DATA IN THIS EXERCISE:
=== Begin Enclosure ===

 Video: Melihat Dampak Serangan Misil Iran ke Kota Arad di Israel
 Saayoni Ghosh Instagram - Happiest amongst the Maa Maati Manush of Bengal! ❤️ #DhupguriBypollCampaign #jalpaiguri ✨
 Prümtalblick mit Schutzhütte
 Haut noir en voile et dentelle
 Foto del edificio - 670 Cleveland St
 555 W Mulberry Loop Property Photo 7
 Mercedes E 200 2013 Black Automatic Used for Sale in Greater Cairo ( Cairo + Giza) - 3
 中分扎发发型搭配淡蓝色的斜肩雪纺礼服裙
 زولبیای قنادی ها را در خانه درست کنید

=== End Enclosure ===
=== Begin Enclosure ===

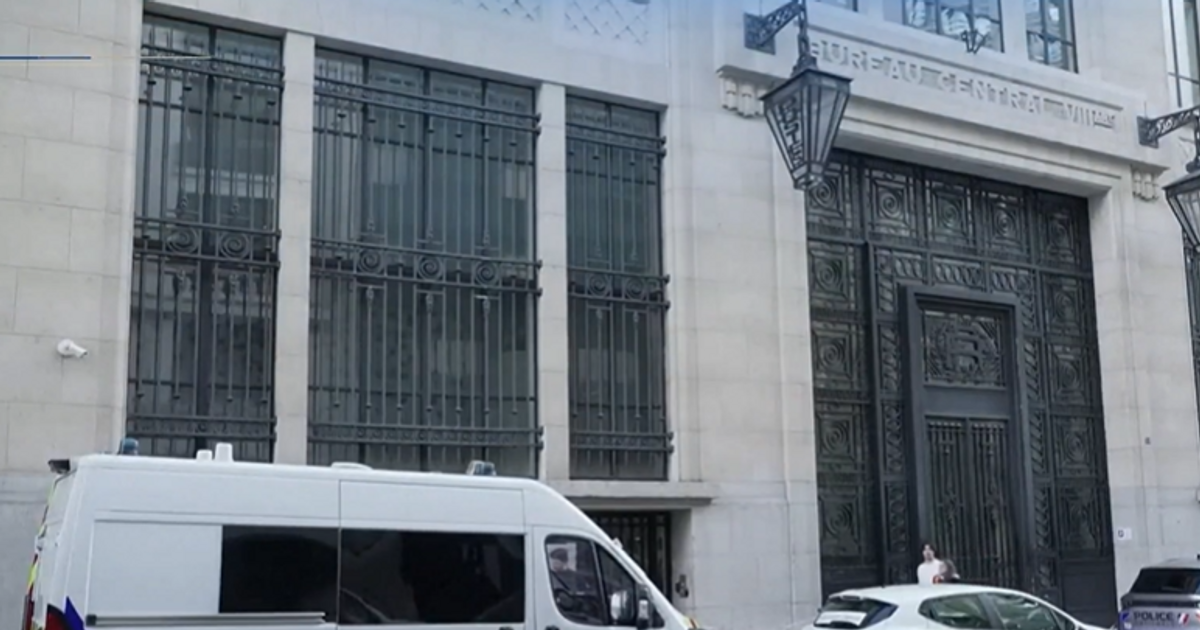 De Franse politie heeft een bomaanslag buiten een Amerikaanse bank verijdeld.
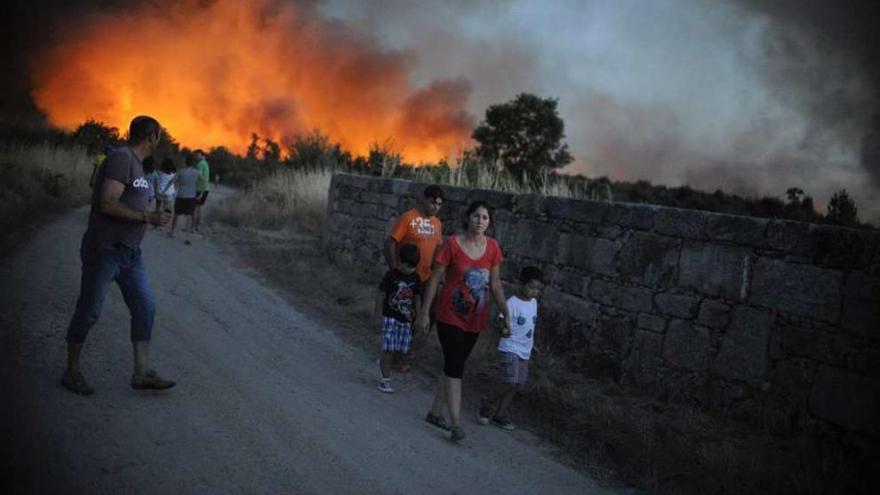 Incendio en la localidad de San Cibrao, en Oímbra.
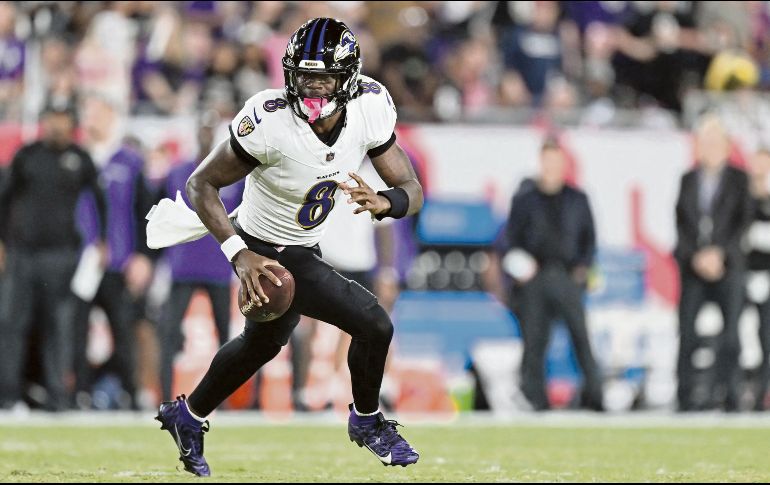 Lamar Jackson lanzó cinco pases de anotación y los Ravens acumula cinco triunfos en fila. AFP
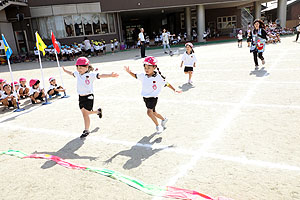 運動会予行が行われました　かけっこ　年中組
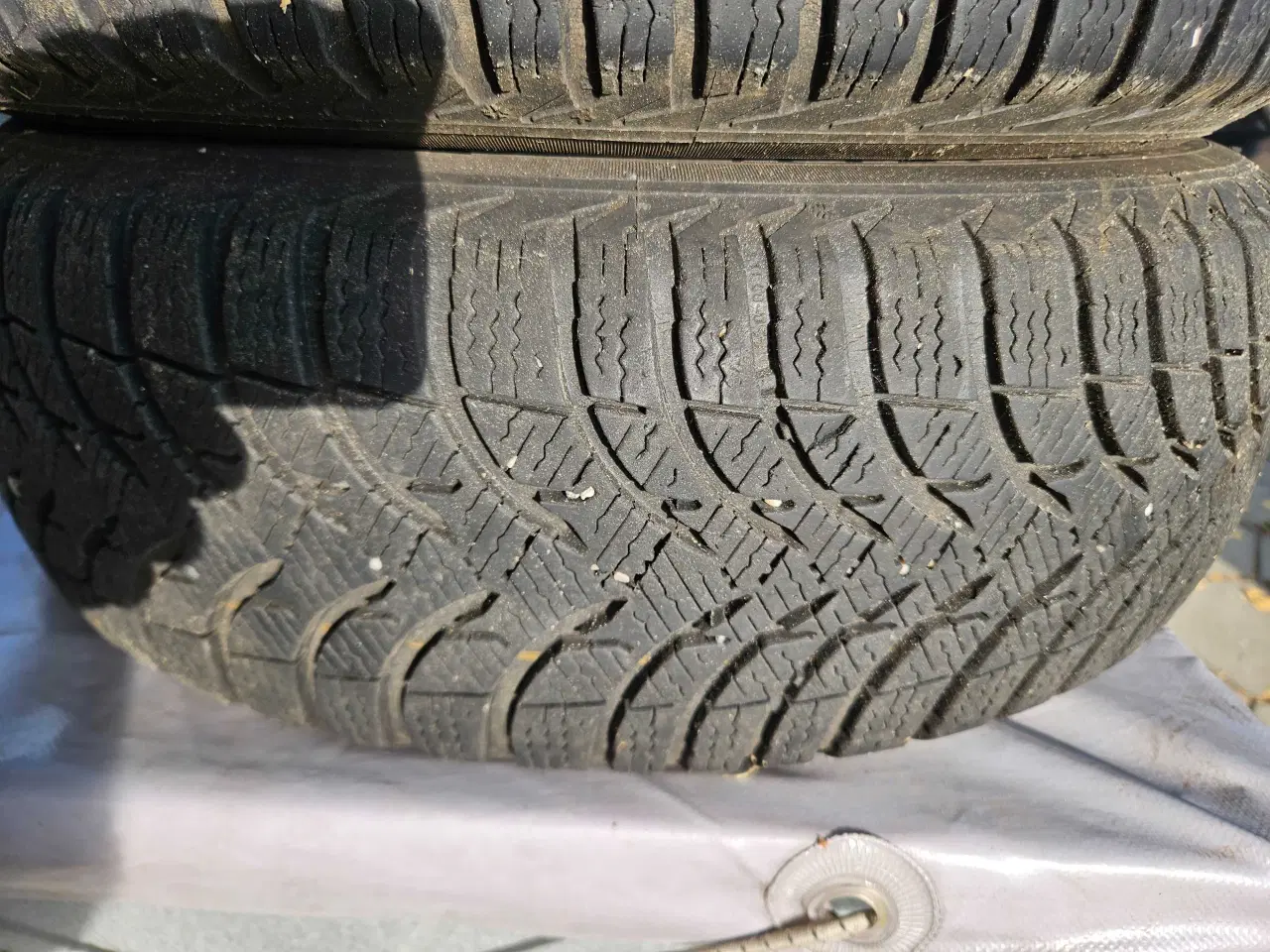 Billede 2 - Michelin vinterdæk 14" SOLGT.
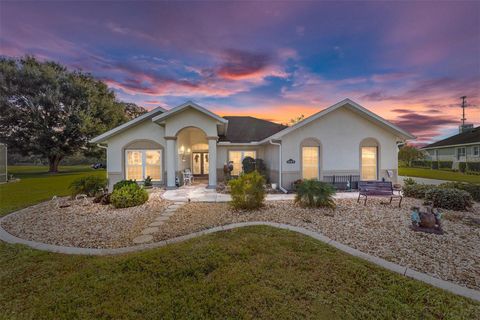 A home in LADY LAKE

=== End Enclosure ===
=== Begin Enclosure ===

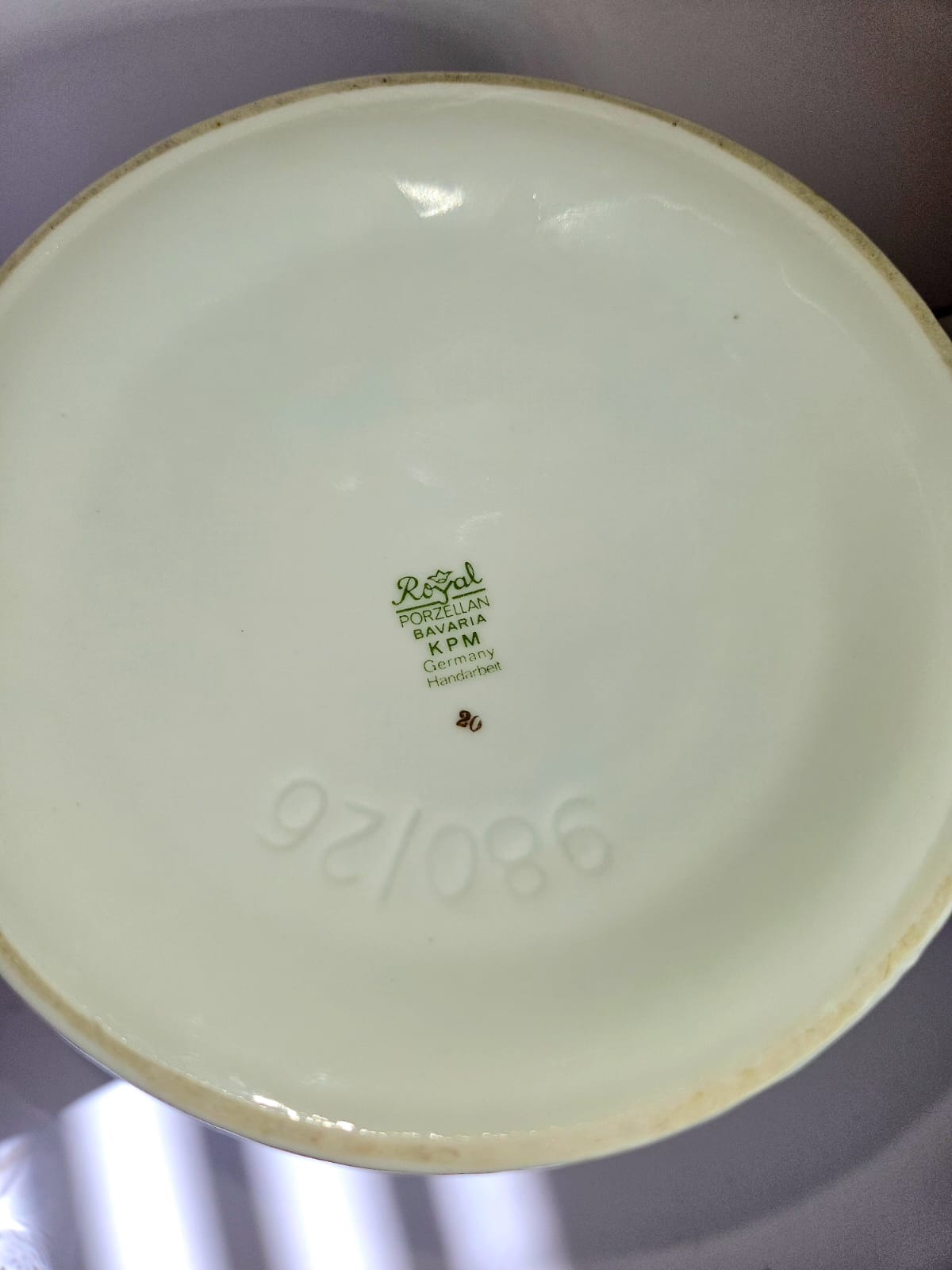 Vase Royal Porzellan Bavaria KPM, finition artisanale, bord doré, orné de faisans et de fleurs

=== End Enclosure ===

TASK INSTRUCTIONS:
Reproduce only the lines above, starting at the line with "555 W Mulberry Loop Property Photo 7" and ending at the line with "زولبیای قنادی ها را در خانه درست کنید", exactly as written.

RESPONSE FOR THIS EXERCISE:
 555 W Mulberry Loop Property Photo 7
 Mercedes E 200 2013 Black Automatic Used for Sale in Greater Cairo ( Cairo + Giza) - 3
 中分扎发发型搭配淡蓝色的斜肩雪纺礼服裙
 زولبیای قنادی ها را در خانه درست کنید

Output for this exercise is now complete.